BP shares dropped around 7% Tuesday morning after the company reported its worst annual loss in 20 years. The energy company recorded an annual loss of $6.5 billion for 2015, which surpassed the losses the company took in 2010 during the deadly Gulf of Mexico oil spill.

The London-based oil company pinned it worst loss on collapsing oil and gas prices. BP also said it wrote down the value of its oil and gas assets by $1.6 billion in the last 3 months of 2015.

Underlying replacement cost profit totaled $196 million, BP announced Tuesday. That missed the $814.7 million expectations set by analysts.

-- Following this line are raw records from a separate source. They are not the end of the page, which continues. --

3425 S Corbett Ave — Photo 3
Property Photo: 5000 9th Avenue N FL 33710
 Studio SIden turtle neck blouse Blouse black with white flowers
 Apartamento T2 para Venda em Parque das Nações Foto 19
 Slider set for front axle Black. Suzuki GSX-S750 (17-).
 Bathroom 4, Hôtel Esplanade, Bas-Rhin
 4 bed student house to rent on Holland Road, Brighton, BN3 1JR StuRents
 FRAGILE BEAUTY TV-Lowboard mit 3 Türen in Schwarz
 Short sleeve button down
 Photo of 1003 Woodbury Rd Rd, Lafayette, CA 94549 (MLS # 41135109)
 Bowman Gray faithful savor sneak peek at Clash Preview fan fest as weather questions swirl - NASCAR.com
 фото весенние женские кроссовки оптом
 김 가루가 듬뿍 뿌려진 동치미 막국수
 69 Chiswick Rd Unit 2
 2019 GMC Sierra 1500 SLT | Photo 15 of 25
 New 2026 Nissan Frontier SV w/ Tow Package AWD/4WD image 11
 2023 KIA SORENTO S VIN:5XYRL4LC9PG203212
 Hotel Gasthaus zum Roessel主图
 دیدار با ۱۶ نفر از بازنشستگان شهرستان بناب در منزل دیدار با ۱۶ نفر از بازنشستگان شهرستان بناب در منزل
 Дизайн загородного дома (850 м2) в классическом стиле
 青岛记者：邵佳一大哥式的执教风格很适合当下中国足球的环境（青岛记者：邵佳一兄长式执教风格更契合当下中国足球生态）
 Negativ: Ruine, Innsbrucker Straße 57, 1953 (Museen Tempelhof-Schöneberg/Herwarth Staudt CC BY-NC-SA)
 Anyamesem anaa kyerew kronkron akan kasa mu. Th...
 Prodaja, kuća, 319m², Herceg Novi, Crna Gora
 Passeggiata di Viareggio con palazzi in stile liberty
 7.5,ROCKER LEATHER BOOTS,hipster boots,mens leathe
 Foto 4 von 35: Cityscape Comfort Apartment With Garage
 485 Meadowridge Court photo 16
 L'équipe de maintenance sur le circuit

Amid the losses and the lingering oil slump, BP said it will be cutting 3,000 jobs in the company’s downstream within 2 years in addition to 4,000 job cuts the oil producer already announced last year as part of a $2.5 billion company overhaul.

“We are continuing to move rapidly to adapt and rebalance BP for the changing environment,” BP CEO Bob Dudley said in a statement.

The oil firm’s disappointing results aren’t unique to the British company. American oil producer Chevron last week reported its worst quarterly loss in over 13 years. Shell earlier reported earlier this month that its fourth-quarter profits were slashed in half.

Global benchmark Brent oil averaged at $43 per barrel in the last quarter of 2015, down by $33 from $76 just the year before.

BP’s dividend remains unchanged at $0.10 per share for the quarter.